(Extracted records)

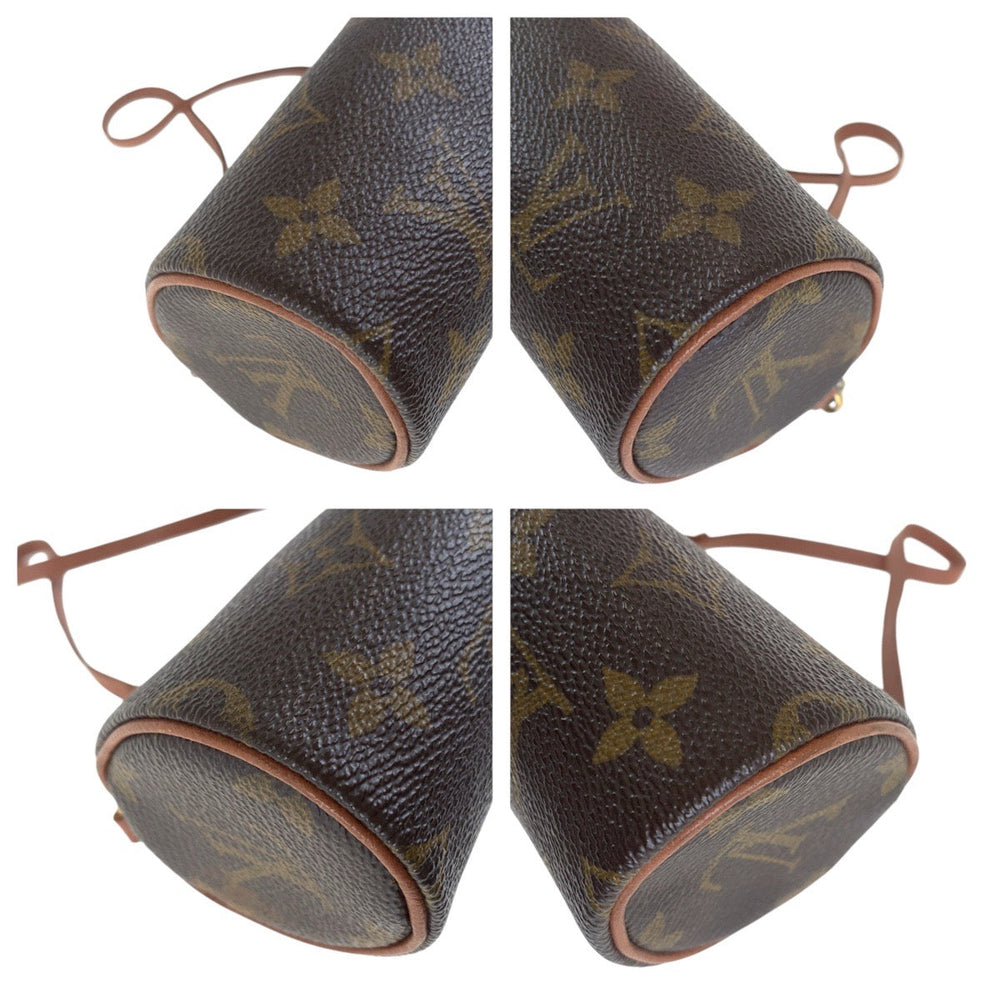 LOUIS VUITTON Pouch M51365 PVC, Leather Brown Gold Metal pouch accessory pouch Monogram Papillon Women Used Authentic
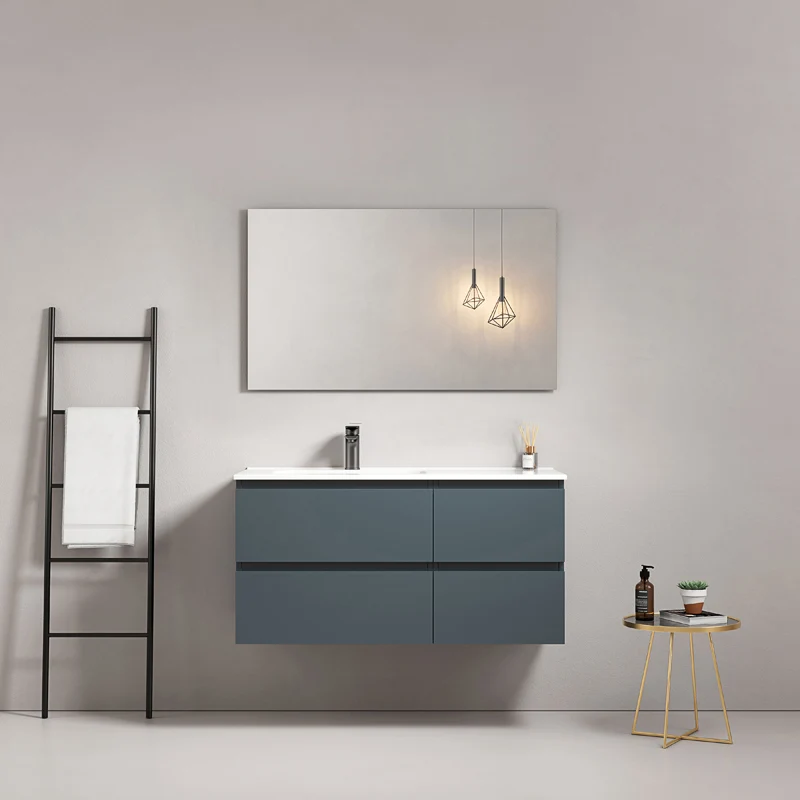 Mobile bagno sospeso 100 cm Blu Mare Lavabo a Sinistra in Ceramica Specchio Quadro - Fiji Paint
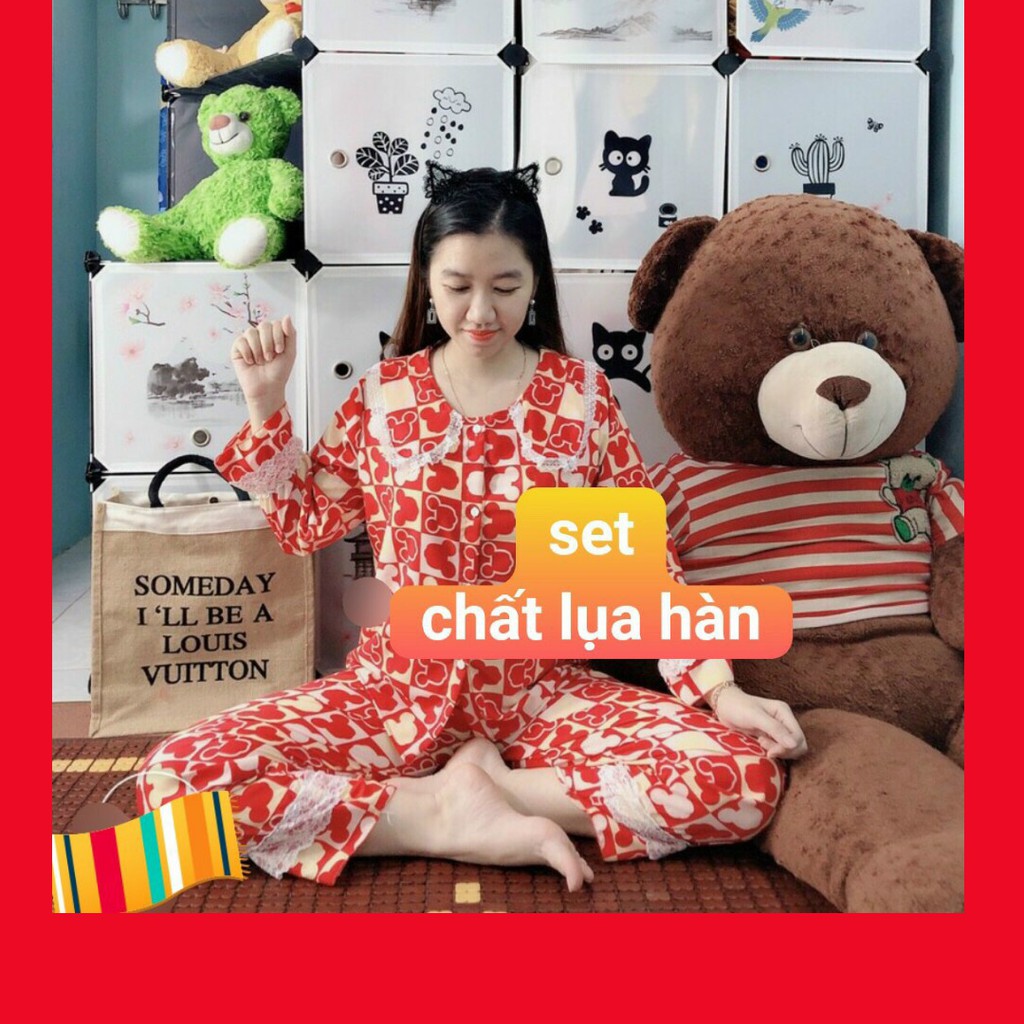 Đồ ngủ pijama mặc nhà vải lụa tay ngắn quần dài mặc nhà đi chơi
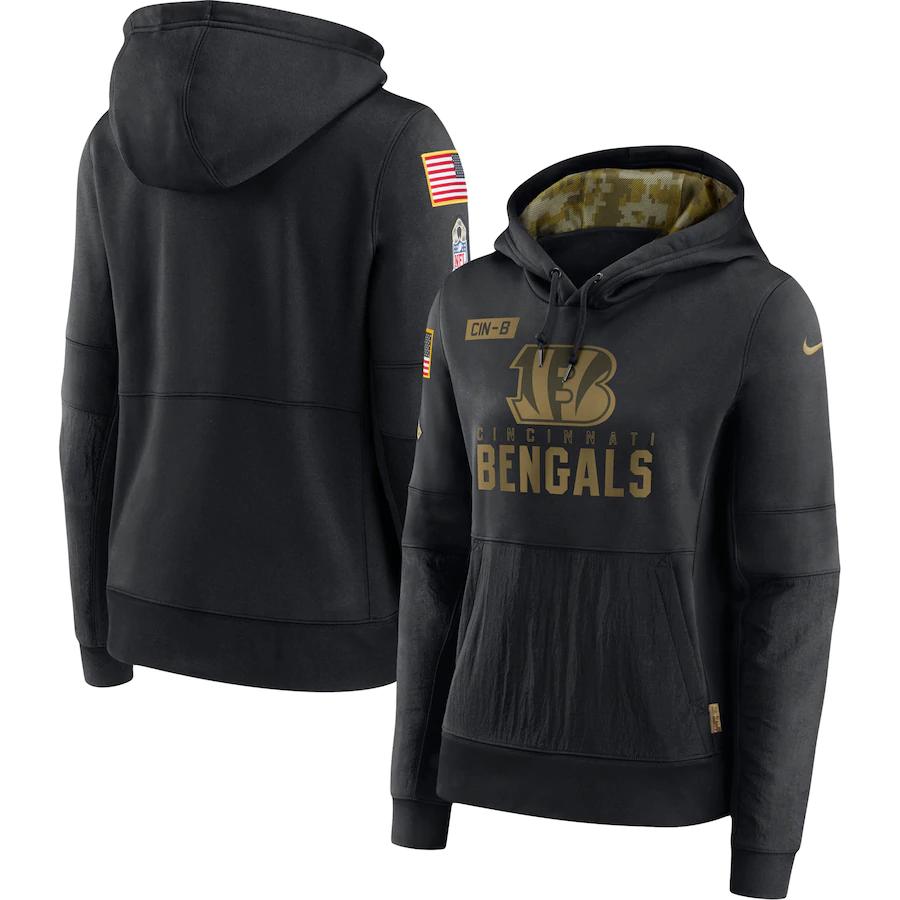 Nike Cincinnati Bengals Womens Black 2020 Salute To Service Performance Pullover Hoodie - Cocomos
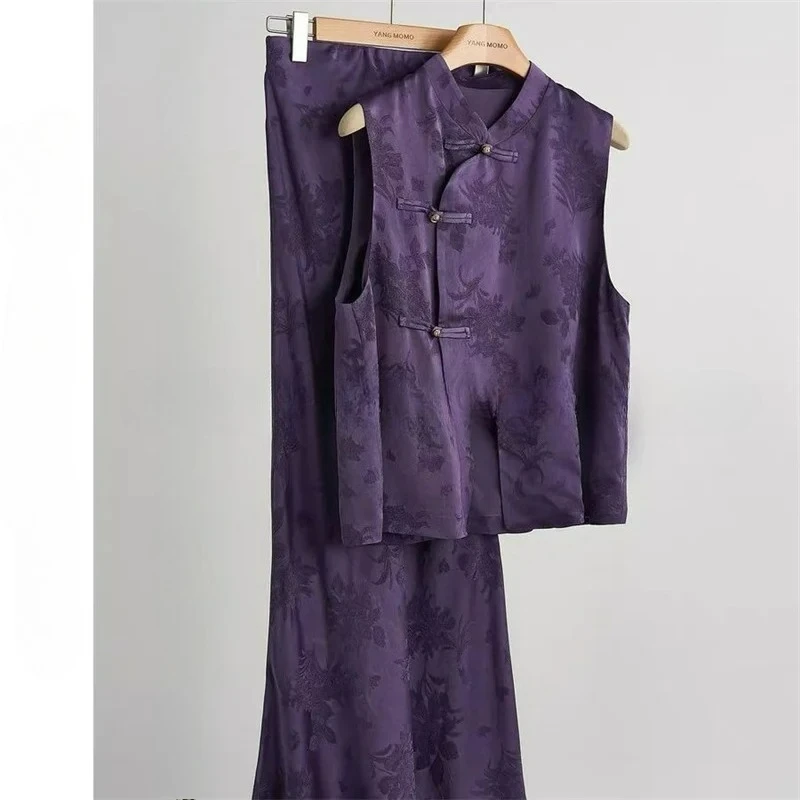 

2025 New Summer Jacquard Two Piece Sets Women Chinese Style A-Line Long Skirt Suit Frog Button Sleeveless Vest Set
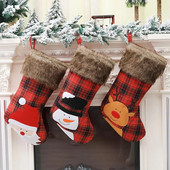 Netkane tkanine Božićne čarape Elk Snjegović Djed Božićnjak Čarape Poklon vrećice Božićne vrećice Šarene božićne dekoracije za dom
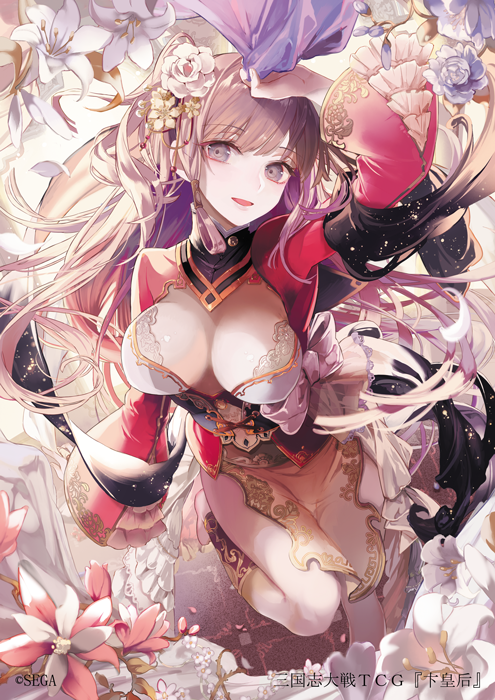 1girl bian_shi breasts breasts_apart brown_hair chinese_clothes company_name flower hair_flower hair_ornament large_breasts leaf long_hair open_mouth sangokushi_taisen solo thigh-highs very_long_hair watermark yukisame
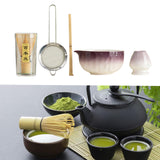 Maxbell 5Pcs Matcha Set Handmade Utensils Chinese Traditional Matcha Bowl with Spout Purple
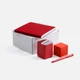 Набор Square: колонка, блокнот, антистресс, ручка шариковая, красный - фото № 1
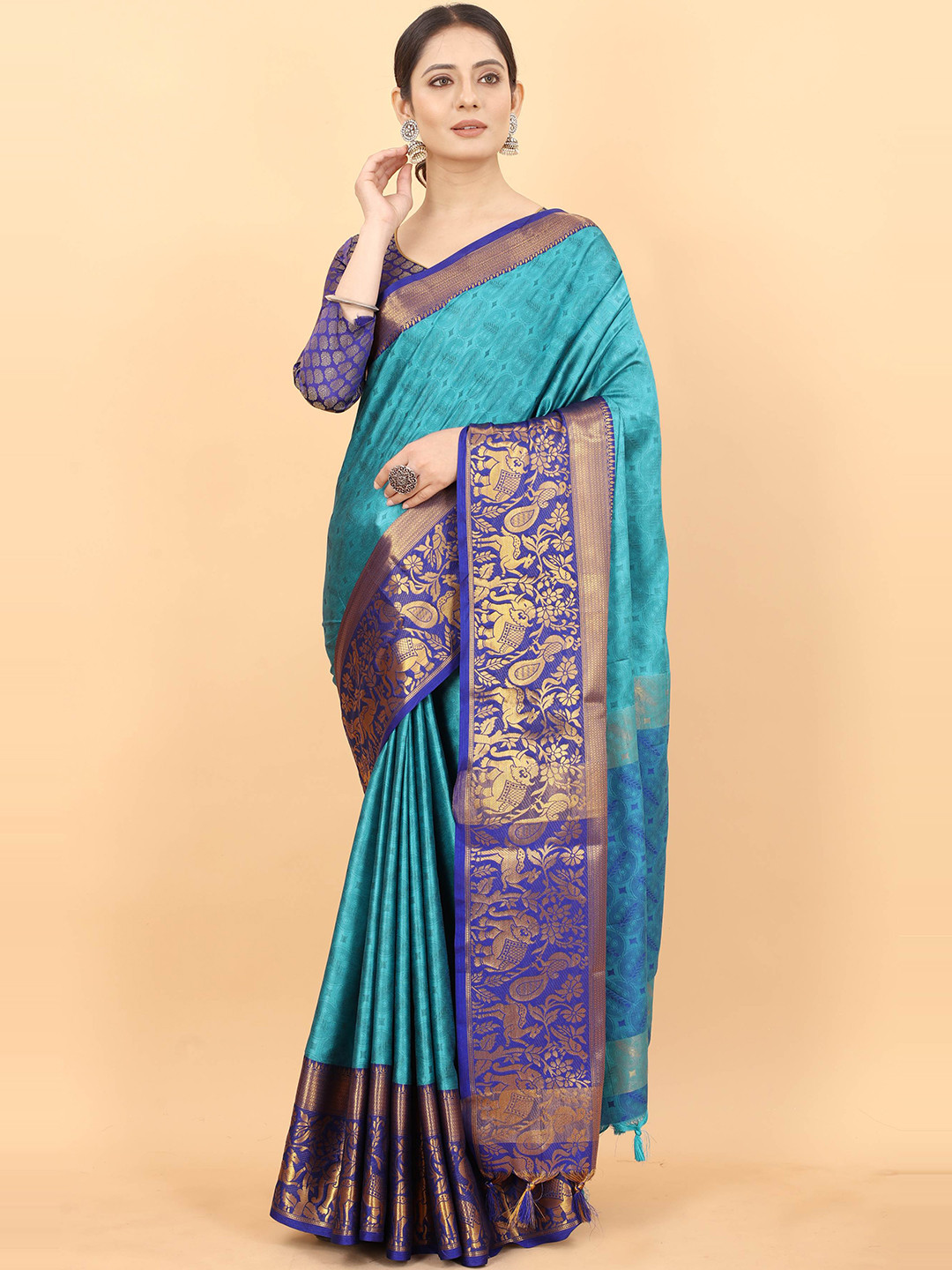 

SMARTLOOKS Woven Design Zari Silk Cotton Banarasi Saree, Blue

> _Requirement_: In your copy, include no pictures; print every line above exactly.

> _Output for this task_:
 LOUIS VUITTON Pouch M51365 PVC, Leather Brown Gold Metal pouch accessory pouch Monogram Papillon Women Used Authentic
 Mobile bagno sospeso 100 cm Blu Mare Lavabo a Sinistra in Ceramica Specchio Quadro - Fiji Paint
 Đồ ngủ pijama mặc nhà vải lụa tay ngắn quần dài mặc nhà đi chơi
 Nike Cincinnati Bengals Womens Black 2020 Salute To Service Performance Pullover Hoodie - Cocomos

2025 New Summer Jacquard Two Piece Sets Women Chinese Style A-Line Long Skirt Suit Frog Button Sleeveless Vest Set
 Netkane tkanine Božićne čarape Elk Snjegović Djed Božićnjak Čarape Poklon vrećice Božićne vrećice Šarene božićne dekoracije za dom
 1girl bian_shi breasts breasts_apart brown_hair chinese_clothes company_name flower hair_flower hair_ornament large_breasts leaf long_hair open_mouth sangokushi_taisen solo thigh-highs very_long_hair watermark yukisame
 Maxbell 5Pcs Matcha Set Handmade Utensils Chinese Traditional Matcha Bowl with Spout Purple
 Набор Square: колонка, блокнот, антистресс, ручка шариковая, красный - фото № 1

SMARTLOOKS Woven Design Zari Silk Cotton Banarasi Saree, Blue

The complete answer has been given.